O paraíso somos nós

Observei casais a minha vida inteira. E ainda observo. Sempre achei que as mulheres boas ou mais do que boas se sujeitavam a conviver com animalizações. Não sei se já conheci um homem que não fosse antes um lobo, um bicho, sobretudo um urubu cercando a carniça. Às vezes são gaiatos, mansos, formosos como um pavão que logo se mostra ser uma espécie de Narciso. A plumagem colorida dá lugar ao ego.

Meu sonho era namorar alguém que sustentasse o primeiro olhar pra sempre, que fosse totalmente meu por gosto de ser. Eu achava que encontrar um amor inabalável era o propósito de vida de cada um. O amor de mãe pode ser inabalável, não importa se o filho morreu ou se está preso, mas o amor dos homens é tão falso quanto frágil.

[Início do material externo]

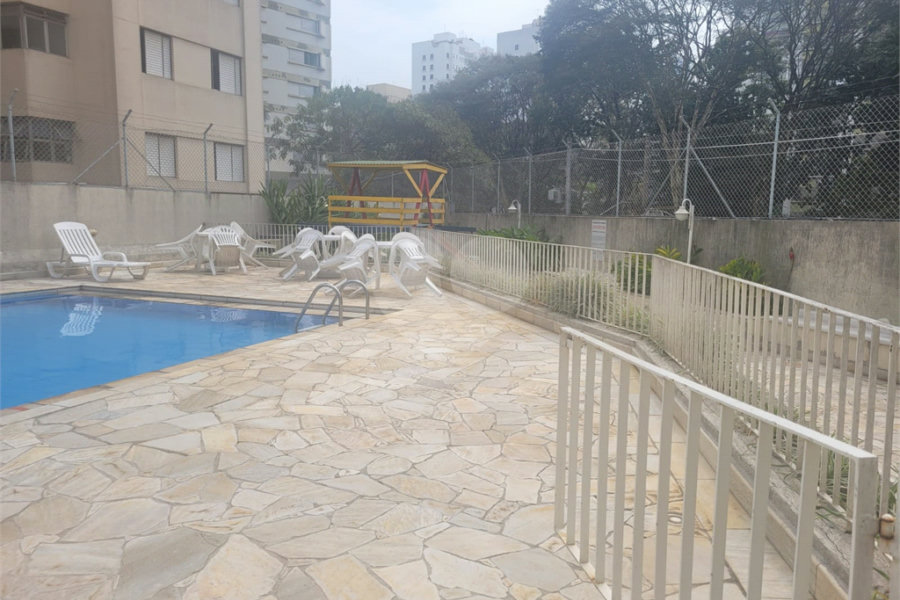 Apartamento à venda com 3 quartos, sendo 1 suíte, em Santana, São Paulo, SP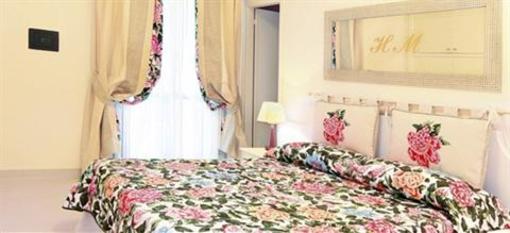 фото отеля Hotel Maracaibo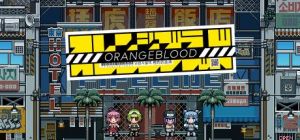 Скачать игру Orangeblood бесплатно на ПК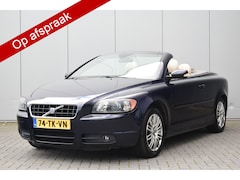 Volvo C70 Convertible - 2.4i Summum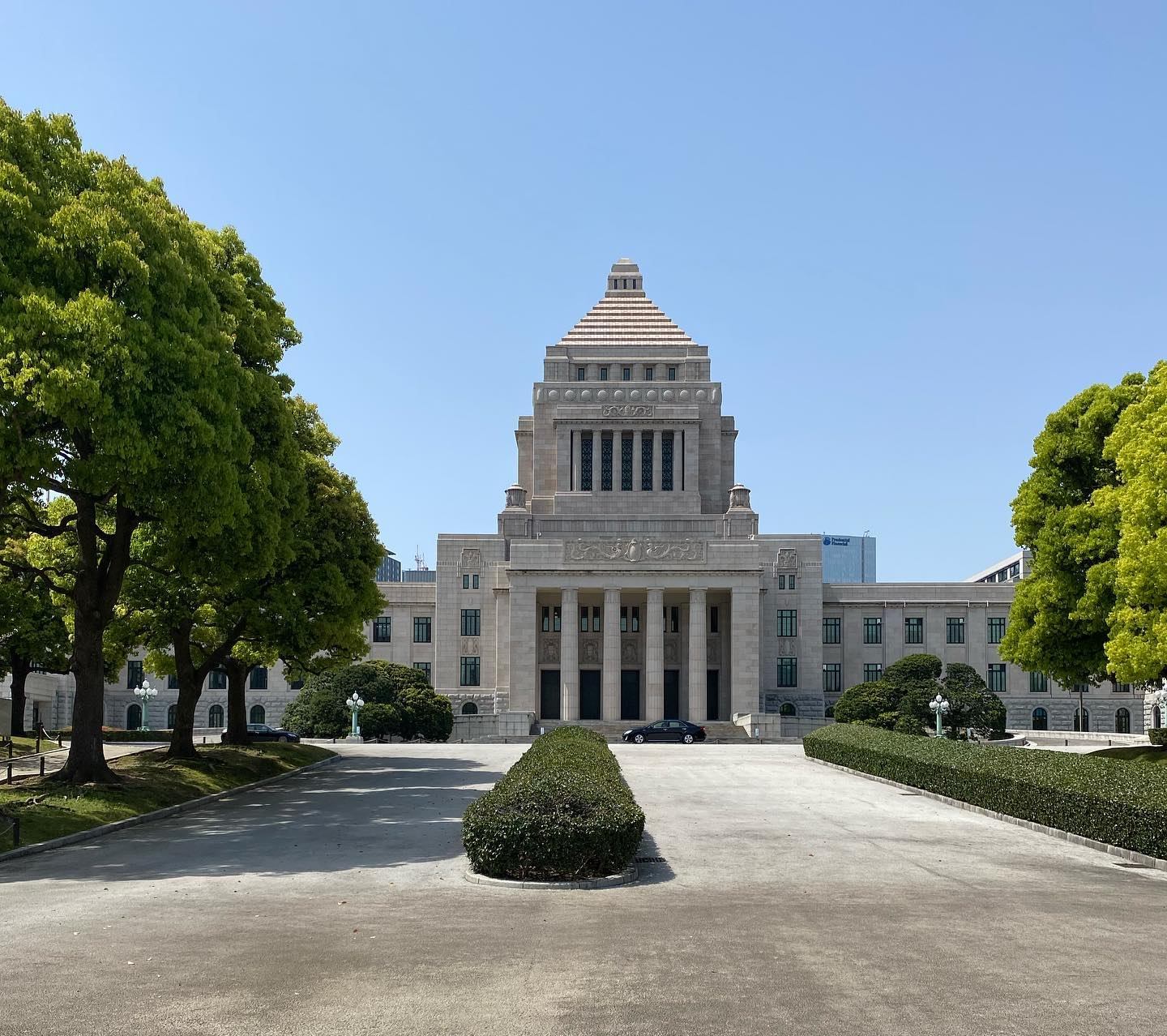 こどもホスピスを応援する議員連盟総会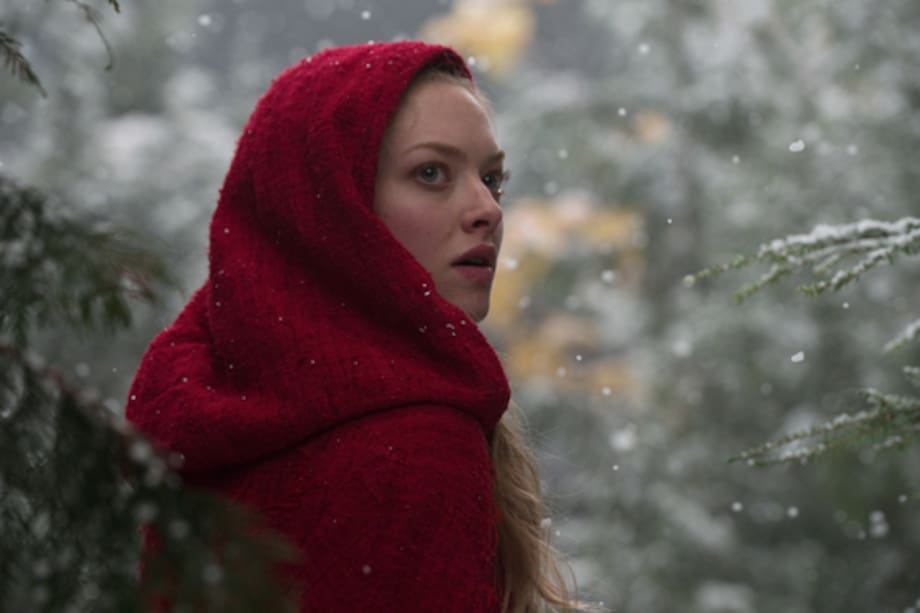 Asista a la función de “La chica de la capa roja”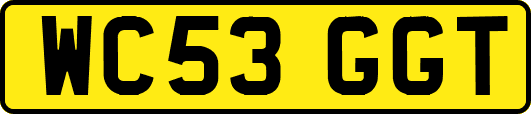 WC53GGT
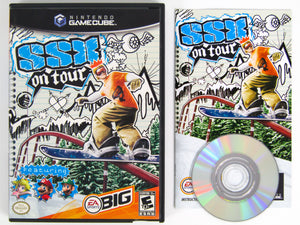 SSX On Tour (Nintendo Gamecube)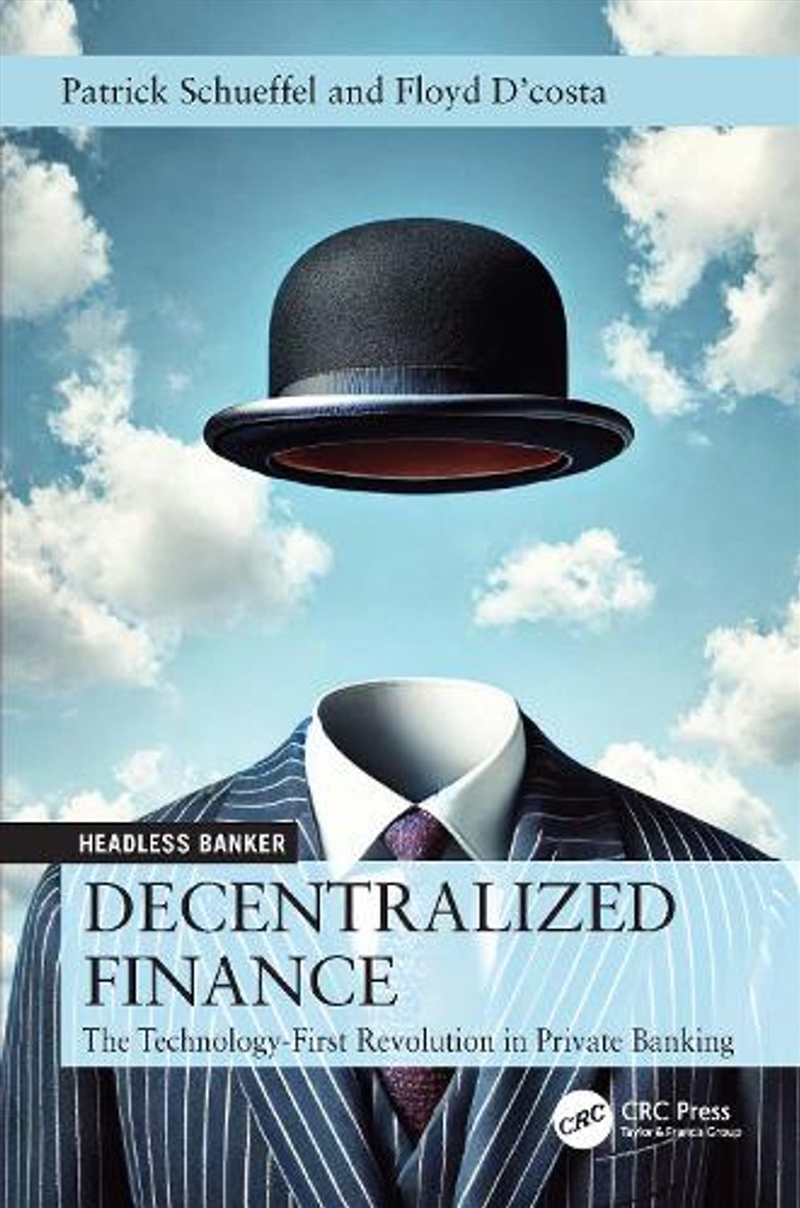 Decentralized Finance/Product Detail/Technology & Engineering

É tão líquido quanto um cubo de gelo no asfalto que se esvai sem deixar rastros — evaporando como se nunca tivessem existido.

Nunca entendi a cobrança da verdade, se é por meio dela que nos apaixonamos. A cobrança da fidelidade, se é a consequência mais radical da paixão. A cobrança do respeito, como se fosse possível não ter respeito por quem se ama. Ninguém deveria namorar sem estar devidamente apaixonado. Apaixonado como José Inocêncio que é de Santinha sem se importar se é já recíproco ou mesmo se um dia será, como Jim Halpert que ama devagar e constantemente, como eu acho que Gregório foi por Clarice naquela crônica de despedida, como todo mundo que um dia sentiu ter o mundo inteiro diante de si — percebendo também que o único paraíso possível são os outros.

Tudo que eu desacredito de um casamento eu deposito nos relacionamentos. Muitos casais não se relacionam, afinal. Eu não quero casar, eu quero me envolver — um dia — e não por sorte, mas por vontade mútua, casar minha alma com uma outra, e meus olhos com outros olhos, e minhas mãos com outras mãos, e meus cabelos por entre outros dedos, e minha vida dentro de outra vida.

Mas eu ainda só observo e, pra não mentir, é depressivo ser testemunha ocular da pós-modernidade. Amar nunca foi tão urgente e tão quase impossível.